Hal inilah yang menggelitik hati Sekar Sosronegoro untuk menulis sebuah buku dengan tema toleransi. Menurutnya anak lahir tanpa prasangka. Namun seiring berjalannya waktu nanti dia akan bersosialisasi kemudian menemukan hal-hal atau masalah yang berkaitan dengan toleransi.

"Saya pikir pendidikan toleransi harus dimulai sedini mungkin," tambahnya.

Diskusi tentang toleransi pada anak.

Diskusi tentang toleransi pada anak. (Foto: CNN Indonesia/Elise Dwi Ratnasari)

Bicara soal toleransi dan perbedaan, pekerja seni yang juga turut hadir dalam peluncuran buku seperti sutradara Nia Dinata berbagi sedikit cerita.

Sejalan dengan Sekar, Nia pun merasa penanaman toleransi memang penting dimulai sejak dini. Jika Dira berkarya dan mengungkapkan buah pikirannya dengan lagu, maka Nia melukiskannya dengan film. Menurut Nia, apresiasi masyarakat terhadap film seakan makin bergeser. Pertanyaan seputar hal-hal yang menurut mereka berbeda semakin tajam.

"Ada yang tanya, karakternya agamanya apa. Kalau dulu arahnya lebih ke teknis dan sebagainya, lalu makin ke sini pertanyaannya makin kuat. (Saya merasa) ada penilaian orang agak bergeser," ujarnya.

Selain Nia, praktisi pendidikan, Najelaa Shihab pun angkat bicara. Buku akan menjadi salah satu alat bagi orang tua dalam rangka memperkenalkan dan mengajarkan toleransi pada anak. Namun jika lingkungan di sekitar anak sudah sedemikian homogen, maka kewajiban orang tua untuk menghadirkan sesuatu yang heterogen bagi anak. Hal ini akan membuat anak terbiasa dengan hal yang berbeda di sekitarnya.
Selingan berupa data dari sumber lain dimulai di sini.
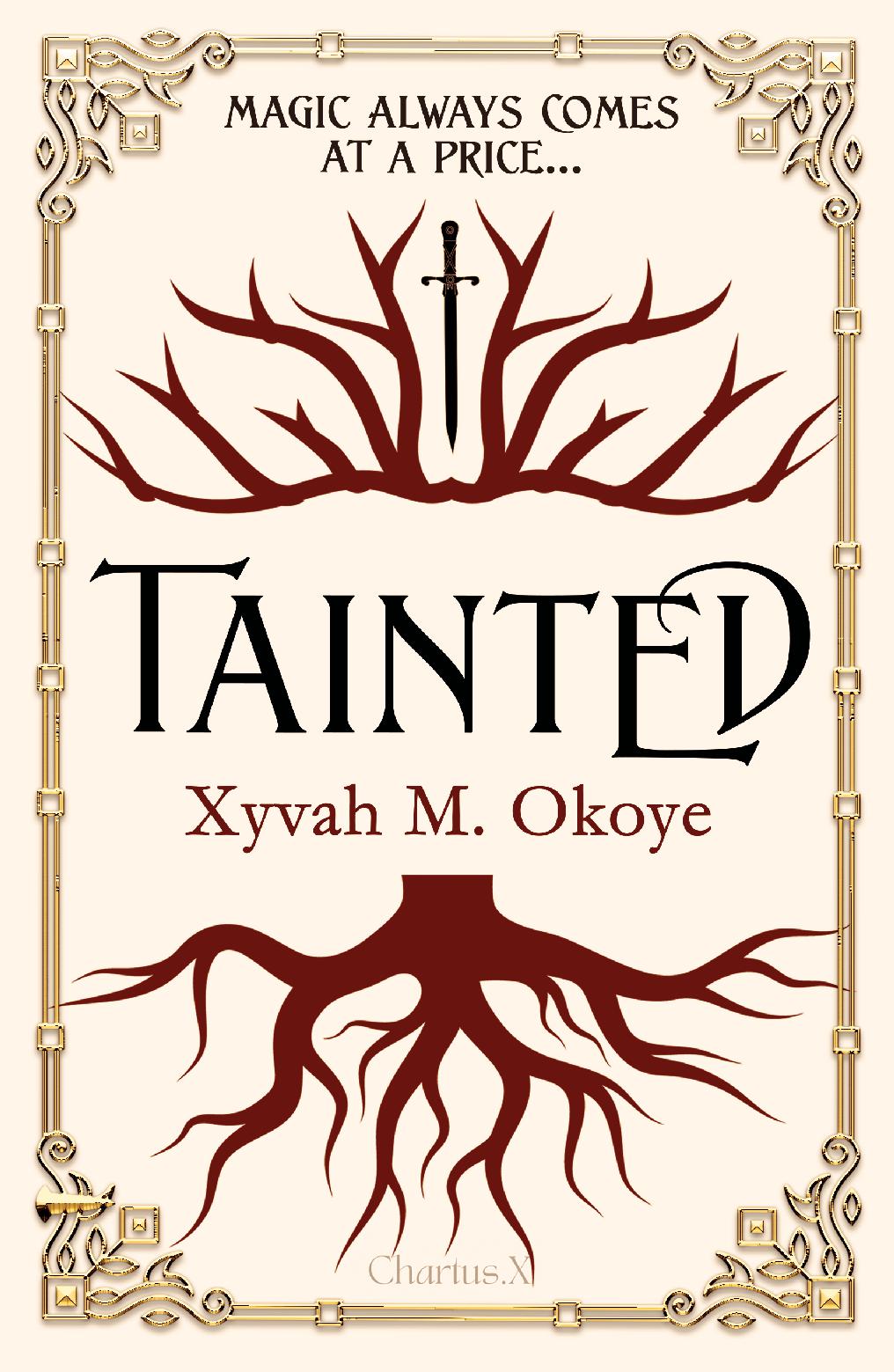 TAINTED (PAPERBACK)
"Anak kecil itu observer yang baik, hanya saja mereka itu very bad interpreter. Nah orang tua di sini membantu anak menerjemahkan atau interpretasi yang memang menghargai. Jangan mengajarkan anak buat takut," ucapnya.

Sekar mengatakan, buku Kitu ini dapat dibaca anak-anak dari berbagai usia. Anak usia 0-6 tahun dapat dibacakan oleh orang tua kemudian dari sini akan muncul obrolan seputar perbedaan yang mungkin selama ini jarang diangkat sebagai bahan pembicaraan.
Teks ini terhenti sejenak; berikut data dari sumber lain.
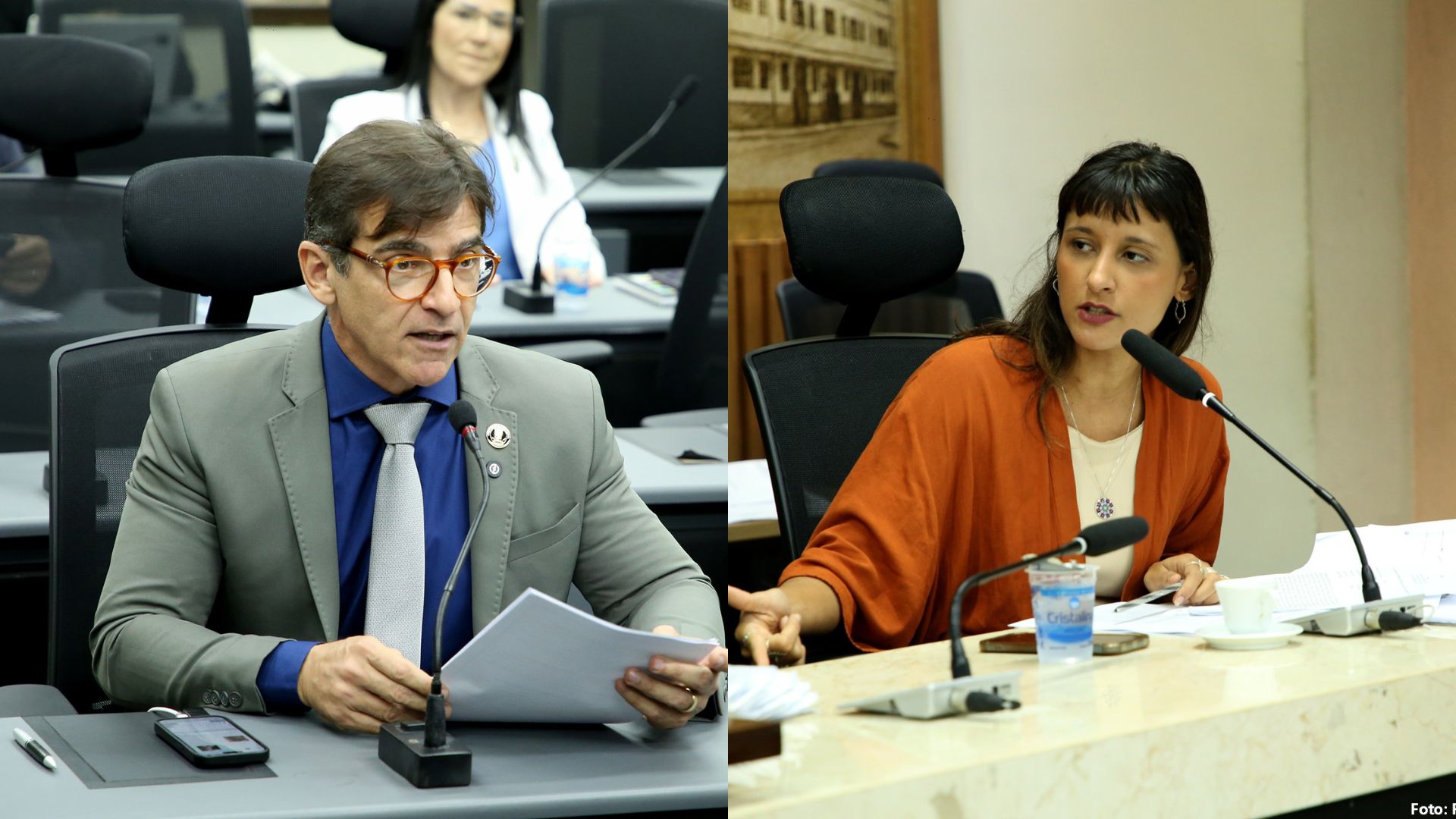 Relator vai apresentar parecer do caso Brisa Bracchi nesta quinta (13)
"Buku ini akan extra useful buat anak-anak yang akan memasuki dunia baru misalnya mau masuk TK atau SD, karena di situ anak akan bertemu banyak teman dari berbagai latar belakang. Mudah mudahan buku ini bisa jadi bekal untuk mereka, agar mereka tidak judgemental sama orang yang berbeda," jelas Sekar.

Setelah buku Kitu, lanjutnya, ia berkata akan ada buku berikutnya dalam seri buku toleransi.Ia menyadari bahwa sebelum toleransi, maka perlu untuk menerima perbedaan. Rencananya, buku-buku berikutnya masih merupakan elemen toleransi, misalnya prasangka. Sekar mengatakan sudah menyiapkan tiga cerita.

Ia berharap, bukunya dapat diterima publik, khususnya anak-anak Indonesia.

"Saya ingin anak indonesia itu merasa dicintai tanpa perlu menjadi orang lain," tutupnya.